Le procureur général a complètement perdu la tête. Même si la ministre des affaires étrangères tente de calmer le jeu sans y parvenir. Un procureur général ne peut pas répéter ce que dit un accusateur sans y croire. Si Maconco avait dit qu’il avait préparé le putsch avec Radjabu, est-ce que le procureur général l’aurait répété ? Je ne crois pas.
Si Buyoya, Niyoyankana, Kabarebe avaient réellement voulu faire un putsch au Burundi, il y aura peu de chances de suivre un tel procès aujourd’hui. La question aurait été de se savoir où seraient le Président Nkurunziza et surtout Radjabu. Quand on prend ses rêves pour la réalité, on a intérêt à les garder pour soi.

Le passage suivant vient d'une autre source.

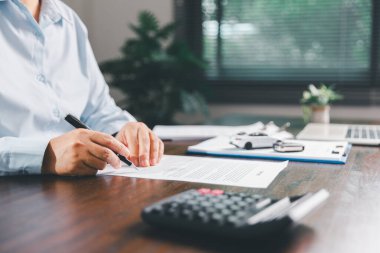 Müşteri sigorta belgesini imzaladı, kira sözleşmesi imzaladı, imzalı sözleşme imzaladı, yeni veya kullanılmış araç satın aldı, araba anahtarları, garanti kağıtları, işleme dahil.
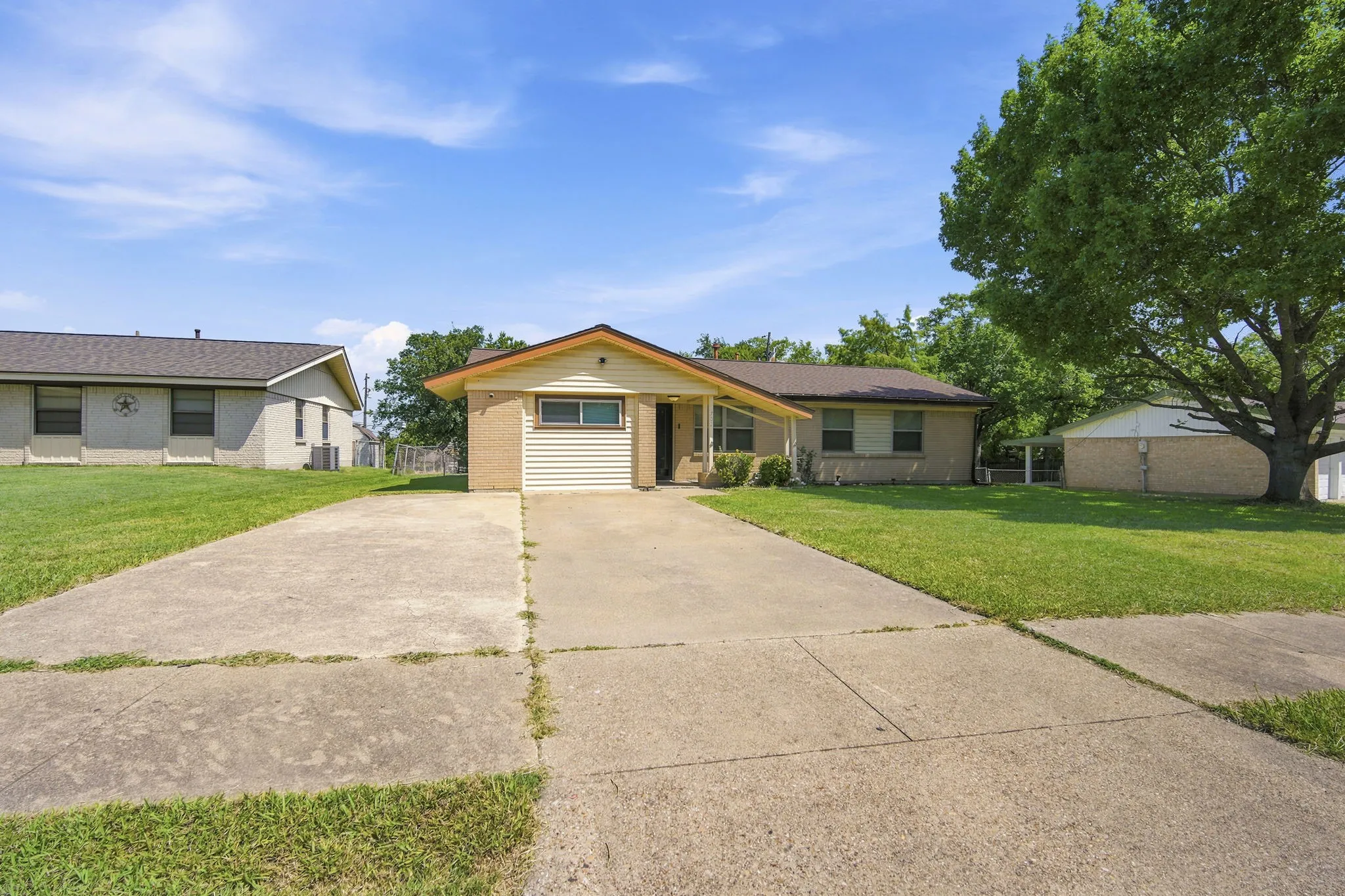 Single Family Residence For Sale in Ellis County , 702 Phillips Drive, Ennis, Texas 75119, 3 Bedroom, 2 Bathroom, Garage spaces, 1,435 Sqft, built in 1965, mls#21342166, Real Estate Agent in Ennis, Homes For Sale in Ellis county, Homes For Sale in Ennis, Realtor in Ennis Texas, Real Estate Brokerage Independent Realty Texas, Luminita Cordes Realtor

Ce procès est riche en mensonges. Le prévenu Mugabarabona a complètement oublié ceux qui l’ont interrogé le premier jour. L’Administrateur adjoint de la Documentation, le colonel Kiziba l’a vu le troisième jour. Toutes ses déclarations ont été faites le premier jour. Or, il affirme dans le procès que c’est Kiziba qui l’a menacé. Pourquoi ne dénonce-t-il pas ceux qui l’ont poussé ou manipulé ?
Les preuves d’accusations sont les seules déclarations de Maconco. Pourquoi Ndayizeye, Kadege et autres ont-ils emprisonnés et non les 30 officiers ? Pourquoi le pouvoir n’a –t-il pas lancé des mandats internationaux contre le général Kabarebe avant le juge Bruguère ? Radjabu aurait pu porter le mandat au Président Rwandais Kagame quand il l’a rencontré. Sauf qu’il a rencontré Kagame sur convocation et non invitation contrairement à ce qu’on laisse croire.

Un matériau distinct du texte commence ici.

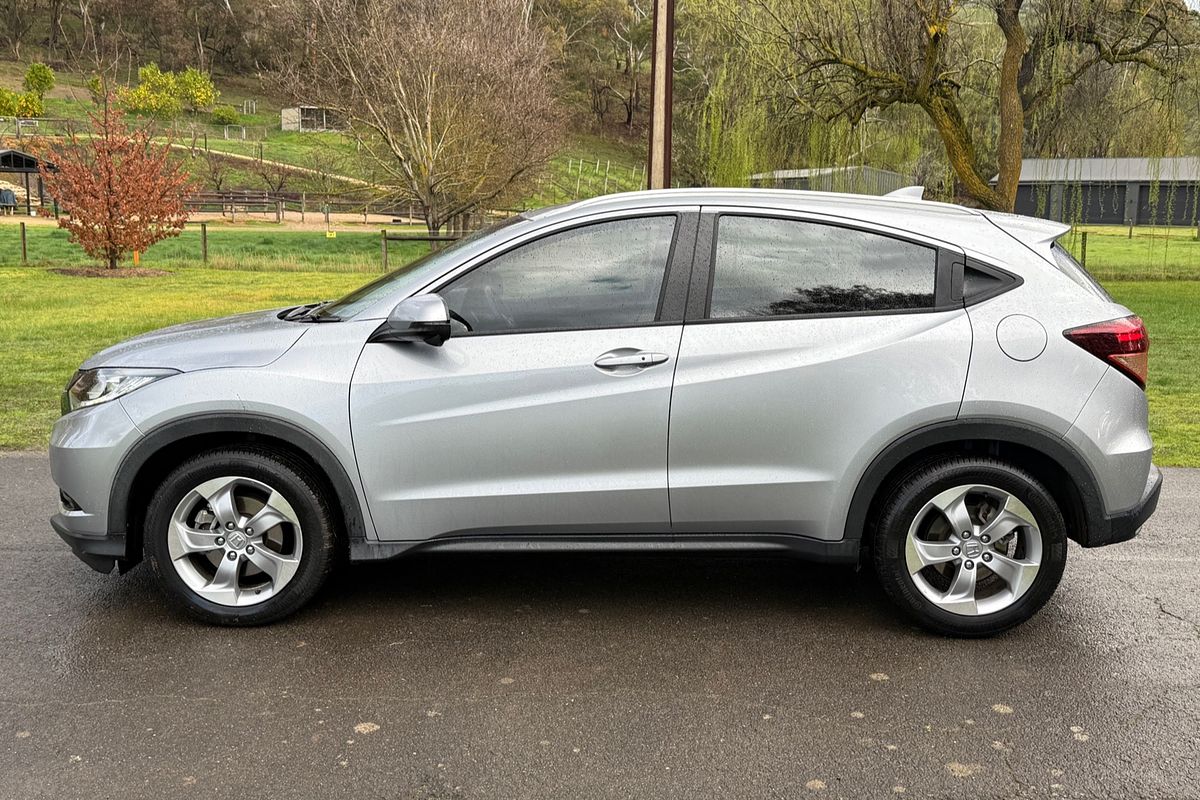 2016 Honda HR-V VTi-S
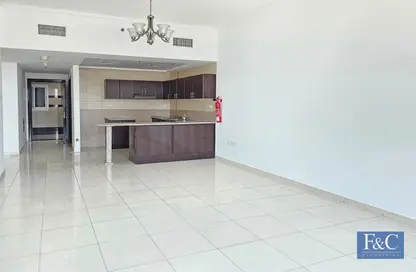 شقة - غرفة نوم - 1 حمام للايجار في برج ربيعة - مجان - دبي لاند - دبي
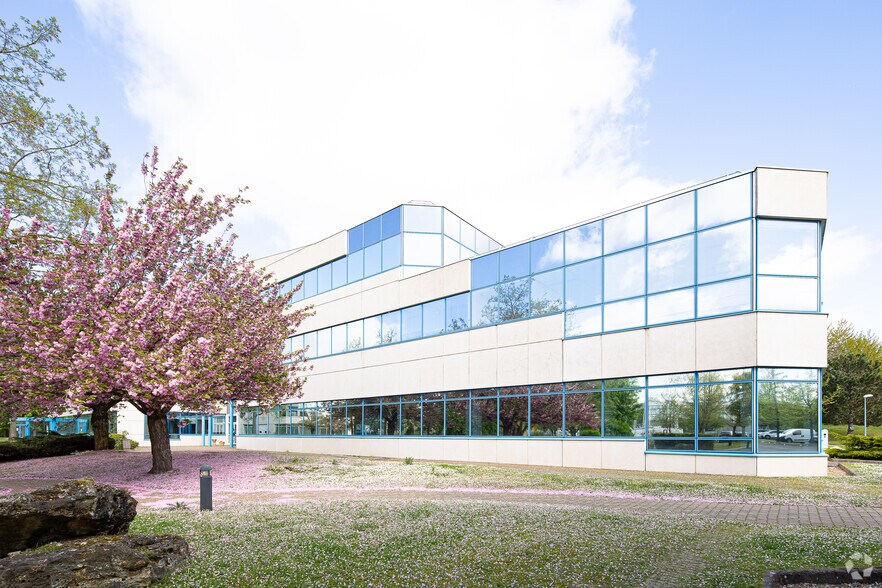 3 Avenue Du Canada, Les Ulis à louer - Photo de l’immeuble – Image 2 sur 2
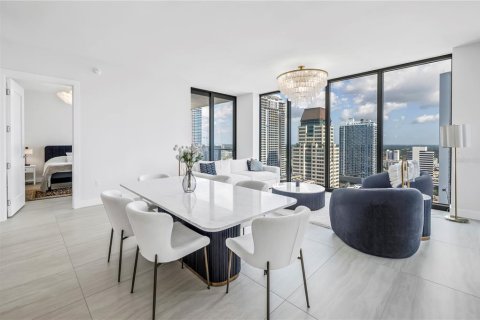 Condominio en alquiler en Saint Petersburg, Florida, 2 dormitorios, 189.15 m2 № 1637814 - foto 13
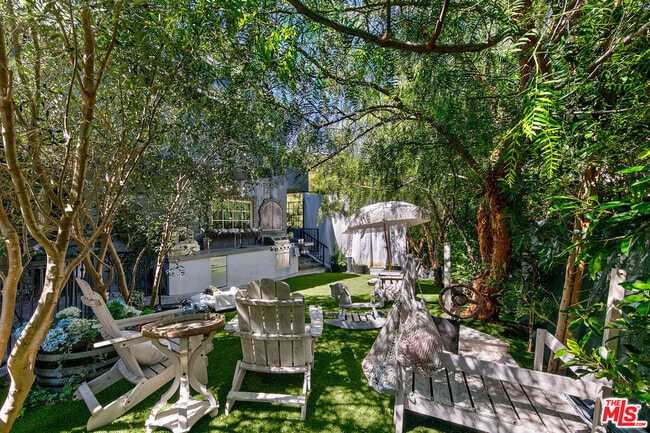 Building Photo - 2851 Seabreeze Dr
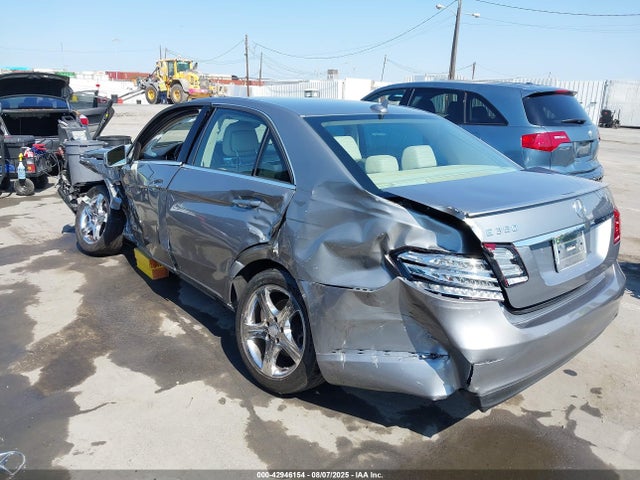 Mercedes-Benz 2014 2014 WDDHF5KB0EA948239 Image 3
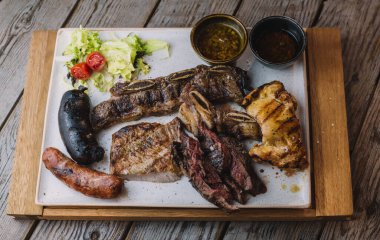 Mükemmel kalite ızgaranın farklı kesimleri.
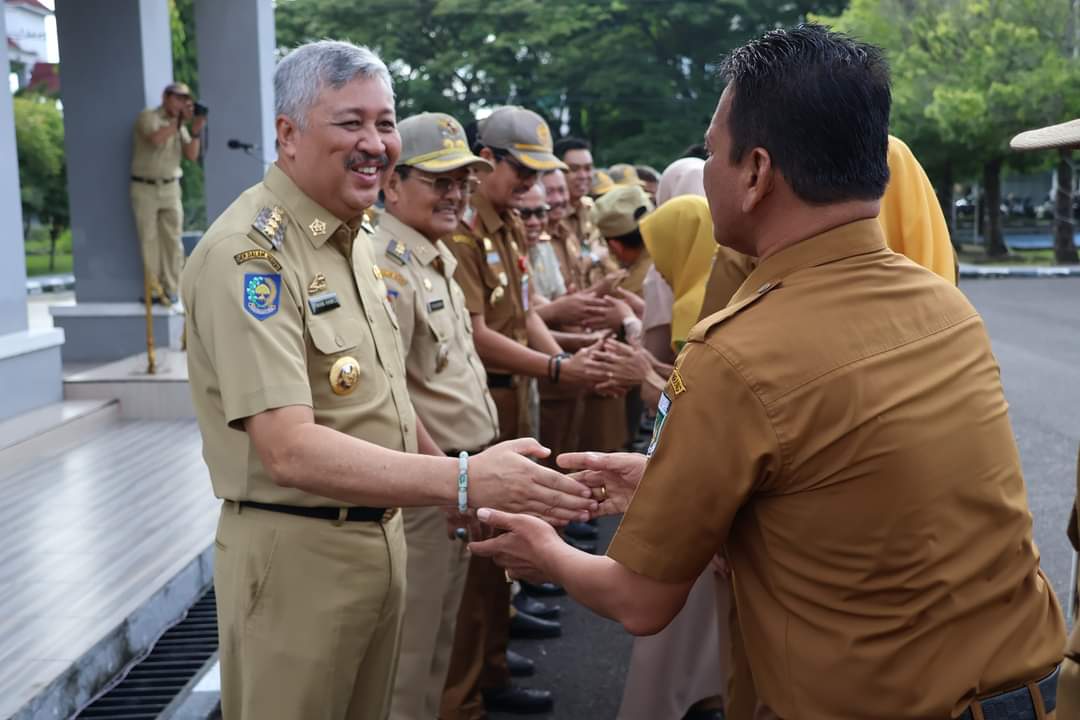 APEL GABUNGAN -- Bupati Pinrang Irwan Hamid dan Wabup H Alimin memimpin apel gabungan sekaligus Halal Bihalal hari pertama pasca libur lebaran 2024 di halaman Kantor Bupati Pinrang, Selasa (16/4).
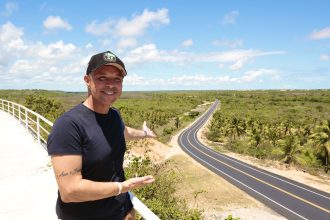 Governador Fábio Mitidieri em rodovia pavimentada no litoral norte de Sergipe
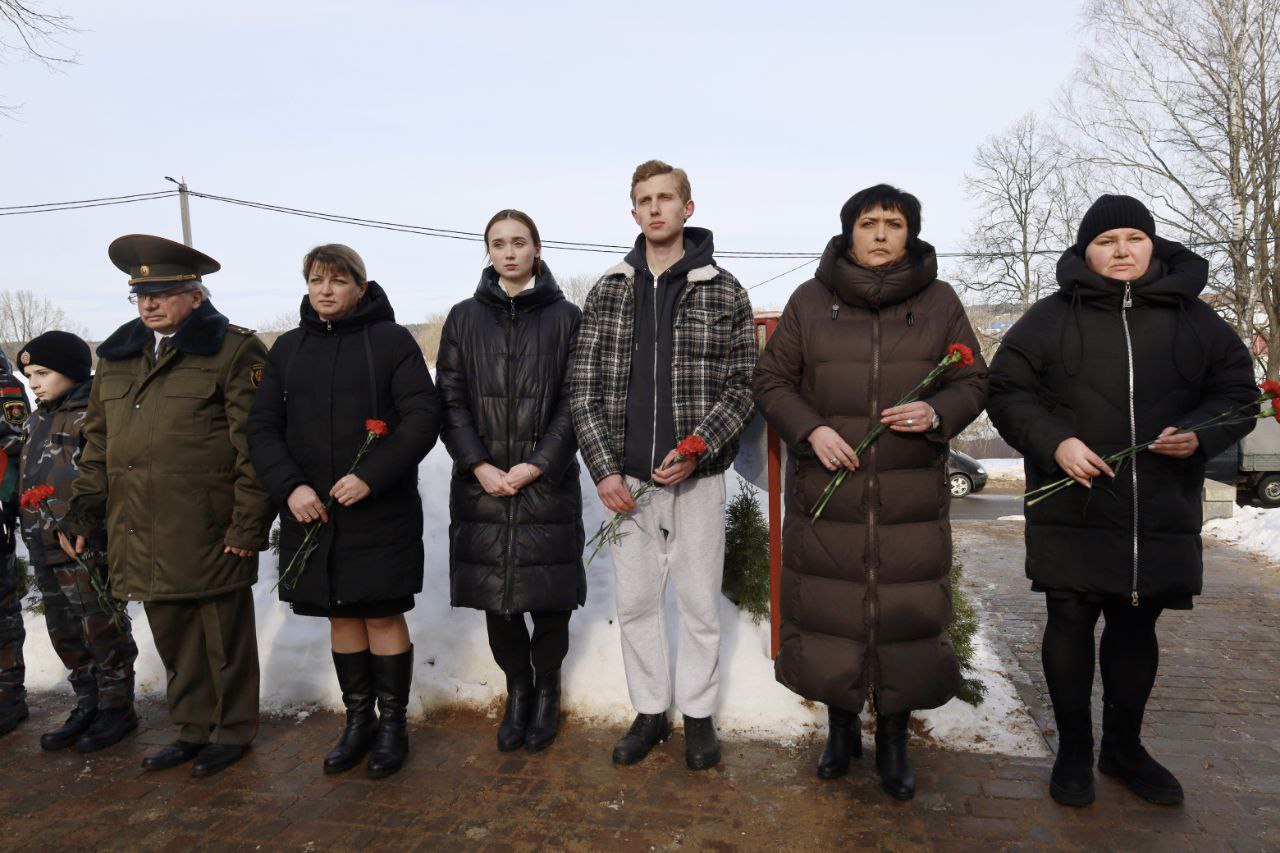 v-beshenkovichakh-pochtili-pamyat-zashchitnikov-otechestva_3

Ce faux putsch finit par avaler ses concepteurs. Radjabu est isolé. Son bras droit Jean Petit a été limogé de la Documentation par le général Adolphe Nshimirimana. Il ne bénéficie plus d’une couverture des services secrets et est devenu vulnérable. Ce limogeage contre le gré de Radjabu est à la base des rumeurs entretenues par les proches de Radjabu qui disaient que le général Adolphe Nshimirimana n’est plus le patron de la Documentation. Tout a été fait pour le faire discréditer auprès du Président de la République, en vain.
Le congrès de Gitega sonne le glas pour Radjabu. Les cadres du parti n’hésitent plus à le critiquer ouvertement. La présidence du parti est à pourvoir. Des noms circulent. Chez les proches de Radjabu, c’est l’inquiétude qui domine. Ils adoptent le profil bas.

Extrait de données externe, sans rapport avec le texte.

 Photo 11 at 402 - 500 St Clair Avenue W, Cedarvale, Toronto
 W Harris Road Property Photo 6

Le grand perdant dans ce procès des faux putschistes est Radjabu. Il est emporté par une idée qu’il croyait le faire arriver au pouvoir. Il avait trop misé et il perd tout dans le jeu tragique.
La rédaction souhaite un bon congrès aux militants du CNDD-FDD. Le peuple est derrière vous. Sauvez le pays pour éviter que les autres le fassent à votre place.